Try it
Word for word, please restate the line that contains "Коврики в салон" and all lines after it through the end of the material, minus the pictures.
Segment Open
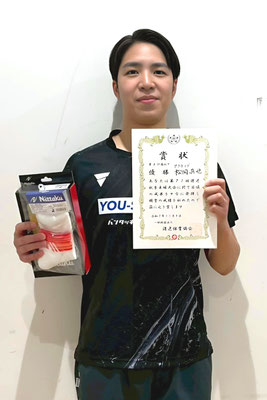 男子39歳以下の部・優勝：松岡選手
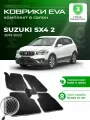 Коврики в салон автомобиля эва ева eva эво для SUZUKI SX4 2 SX Сузуки сх4 с икс 4 2013-2022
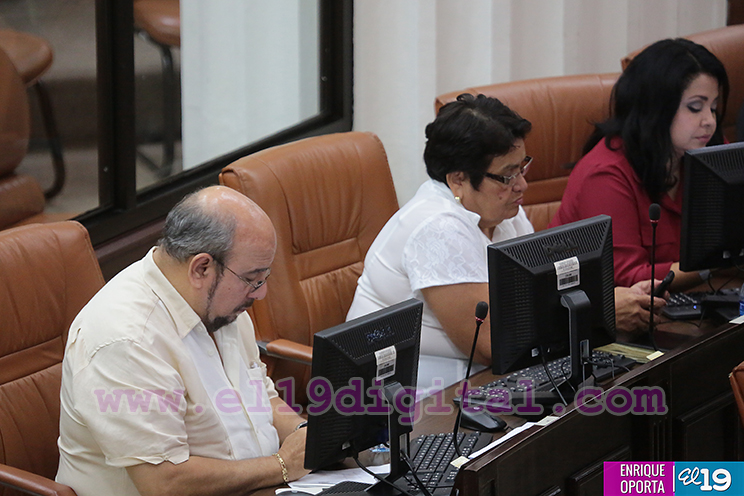 Aprueban declaratoria que nombra al compañero René Núñez Téllez presidente de la Asamblea Nacional
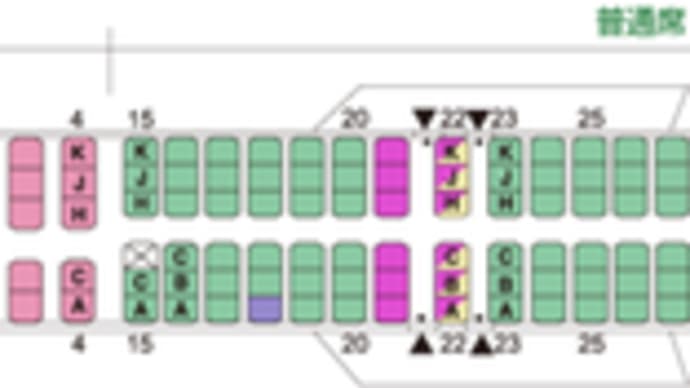 JAL279①
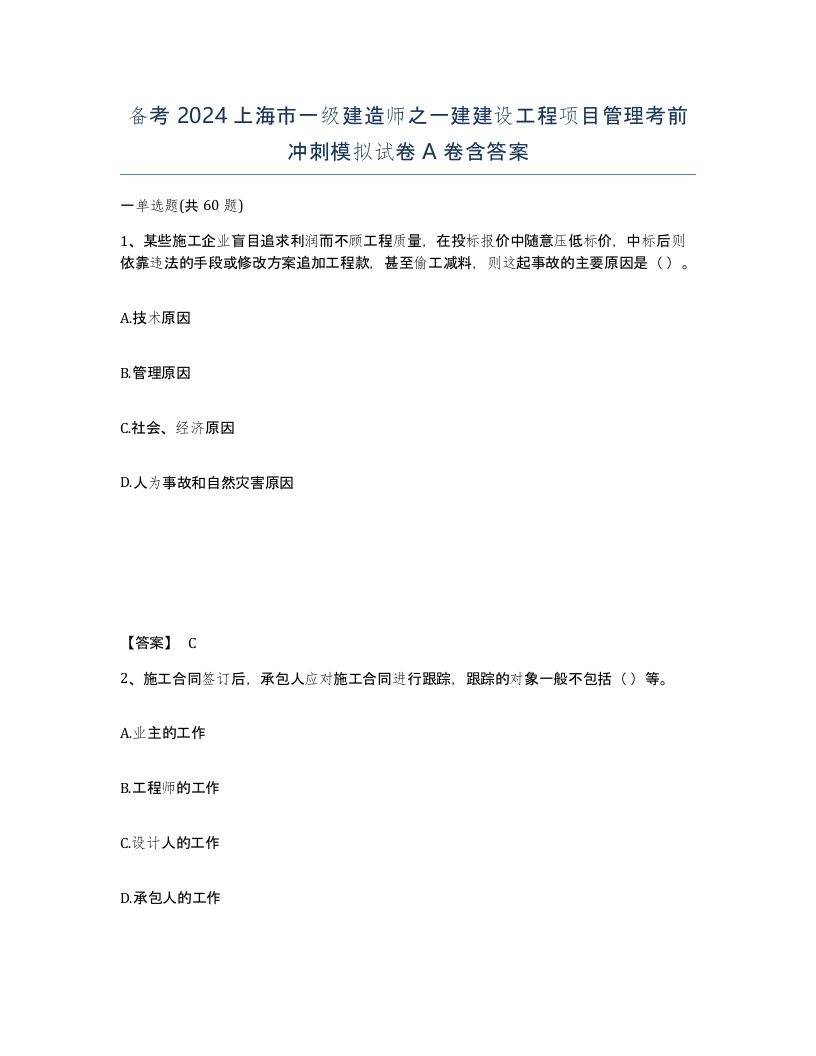 备考2024上海市一级建造师之一建建设工程项目管理考前冲刺模拟试卷A卷含答案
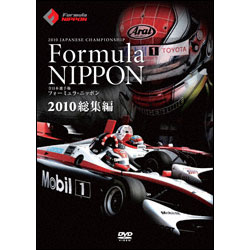フォーミュラ・ニッポン 2010　総集編 〈DVD〉
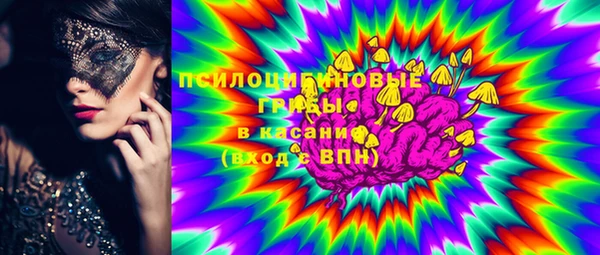 спайс Лихославль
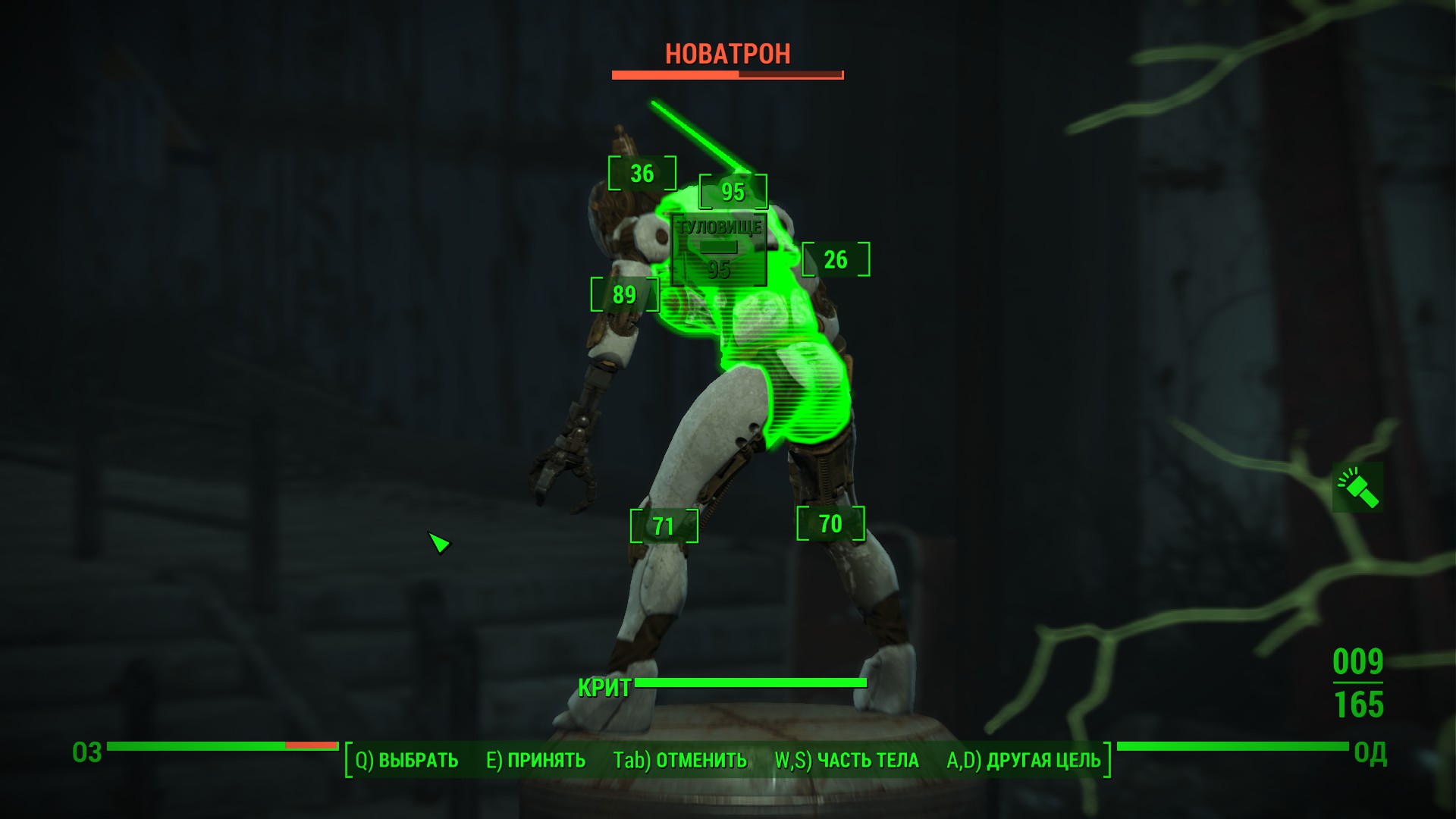 Fallout 4 коврик быстрого перемещения фото 77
Segment Closed
Task response
 Коврики в салон автомобиля эва ева eva эво для SUZUKI SX4 2 SX Сузуки сх4 с икс 4 2013-2022
 Aprueban declaratoria que nombra al compañero René Núñez Téllez presidente de la Asamblea Nacional
 JAL279①
 备考2024上海市一级建造师之一建建设工程项目管理考前冲刺模拟试卷A卷含答案
フォーミュラ・ニッポン 2010　総集編 〈DVD〉
 спайс Лихославль
 Fallout 4 коврик быстрого перемещения фото 77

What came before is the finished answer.